Ron Sims, the deputy secretary of Housing and Urban Development who leads that sustainability office, has said that $10 million of his initial grant funding would go towards expanding the market for location-efficient mortgages that include transportation costs in their estimates of borrowers' income.

Sims, who joined Bernstein yesterday to discuss the CNT report, observed that the number of mortgage defaults during the current housing crisis was exacerbated because homeowners "did not realize they had a transportation cost burden and a mortgage."

The CNT also pinpointed another legislative goal for its index: enacting legislation requiring real estate agents, landlords, and other housing brokers to publicly disclose neighborhood transportation costs when marketing a property. Bernstein told reporters that Rep. Earl Blumenauer (D-OR) would introduce a bill proposing that change in the coming days.

Measuring the combined local burden of transportation and housing costs could influence more than just the mortgage market and government housing policy.
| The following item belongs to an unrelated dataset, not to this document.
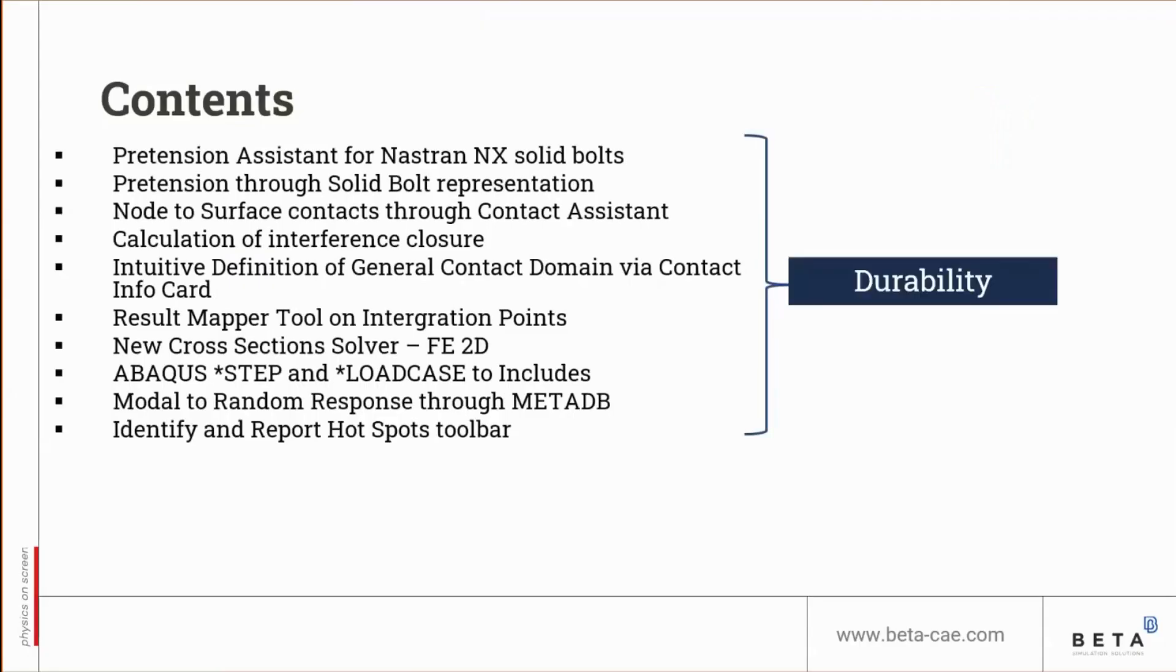We'll focus on the following new ANSA and META topics for this session, covering both the disciplines of durability and composites.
Randy Blankenhorn, executive director of the Chicago Metropolitan Agency for Planning, said the CNT index helped planners in his area make difficult decisions on how to use their available funding for new transportation projects -- which totaled just 2.7 percent of this year's revenue. (The remainder of revenue went to maintenance of existing infrastructure, he added.)

Blankenhorn predicted that the CNT index could help urban officials focus on a transportation agenda that's "not just about [fighting] congestion, but about bringing people closer to jobs."